People like to play telephone and aren't even sure what they say anymore. I don't know the answer as I have not been able to find CRC, but I haven't noticed any significant (or even minor) difference from using jigaloo. So if it does melt the plastic, it's such a small amount it's barely worth mentioning.


----------



## gundamslicer (Aug 24, 2010)

Those 2 melt temporary until they dry 
ones that melt cubes continually are petroleum products eg vaseline, WD 40
also Pam and cooking oil melt them but at a very slow pace


----------



## number1failure (Aug 24, 2010)

Everyone(including myself) uses CRC, and it works fine. So I'll just stick to it until told otherwise. It does say non-corrosive, but that might just be for other materials.


----------



## FatBoyXPC (Aug 24, 2010)

They both have been known to melt plastic. I can tell you from first hand experience that Jig-A-Loo will melt a Type B pretty bad (you can see the plastic just fall off in chunks). It is also known to "glue" your cube together if you spray it in and don't work it in enough. CRC is known to do the same thing.

Don't get me wrong, lay your pieces out and you can spray an even coat (just don't soak the pieces) on all the pieces and be fine. Or you can spray some in, work it in, and be fine.

I much prefer silicone oil though (shock oil or Lubix if you've followed that thread at all).


----------



## waffle=ijm (Aug 24, 2010)

number1failure said:


> Everyone uses CRC.



People outside of the USA?


Anywho. Both CRC and Jig-A-Loo melts plastic temporarily to smooth out the plastic.

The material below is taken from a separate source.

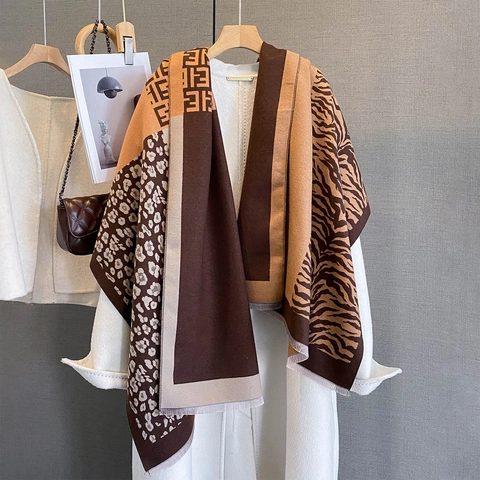 Women Thick Warm Imitation Cashmere Scarf Shawl Patchwork Animal Print Leopard Zebra Geometric Jacquard Tassel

Lubricants that do not melt plastic would be those like shock oil, lubix, and maru lube.


----------



## daniel0731ex (Aug 24, 2010)

waffle=ijm said:


> number1failure said:
> 
> 
> > Everyone uses CRC.
> ...



MYTH: lube that contains solvient (??spelling?) helps smooth out plastic surfaces if you work it in
FACT: It does not. On most parts the effect does not last long enough to break in all surfaces. It only molten spots for a longer time for you to wear in where you originally sprayed the lube on, and it does not necessarily smooth out the plastics, but rather deforms the surface of that particular place. 
And the worn-in surface, believe me or not, creats more friction than those originally glossy surfaces. That's why I recommend use only non-damaging lube like Maru oil or Dimthyl silicone fluids (things like lubix. Bulk packs have been used by Chinese cubers for a long time) on new cubes.


----------



## theace (Aug 24, 2010)

i don't know about either of these, but if you can get your hands on the silicone spray manufactured by cyclo, it's amazing. Doesn't really melt plastic. Over time, it dries into this greyish dusty looking layer that feels like talc. I was dumb enough to wipe it clean and had my cube return to it's former un-smooth self. Any one know what happened there? Imo, it was a thin layer of silicone that provided a form of dry lubrication. Correct me if i'm wrong.


----------



## daniel0731ex (Aug 24, 2010)

theace said:


> i don't know about either of these, but if you can get your hands on the silicone spray manufactured by cyclo, it's amazing. Doesn't really melt plastic. Over time, it dries into this greyish dusty looking layer that feels like talc. I was dumb enough to wipe it clean and had my cube return to it's former un-smooth self. Any one know what happened there? Imo, it was a thin layer of silicone that provided a form of dry lubrication. Correct me if i'm wrong.



exactly.


----------



## WeIsPrius (Aug 24, 2010)

With my generic silicon toy spray, I spray a corner and edge directly without disassembly. Then I do finger tricks for 5 minutes straight. 

I know many of you disagree with this method, but it always works for me.


----------



## JeffDelucia (Aug 24, 2010)

WeIsPrius said:


> With my generic silicon toy spray, I spray a corner and edge directly without disassembly. Then I do finger tricks for 5 minutes straight.
> 
> I know many of you disagree with this method, but it always works for me.



umm okay?

I'm not sure about silicone but jigaloo can defintely melt your plastic.


----------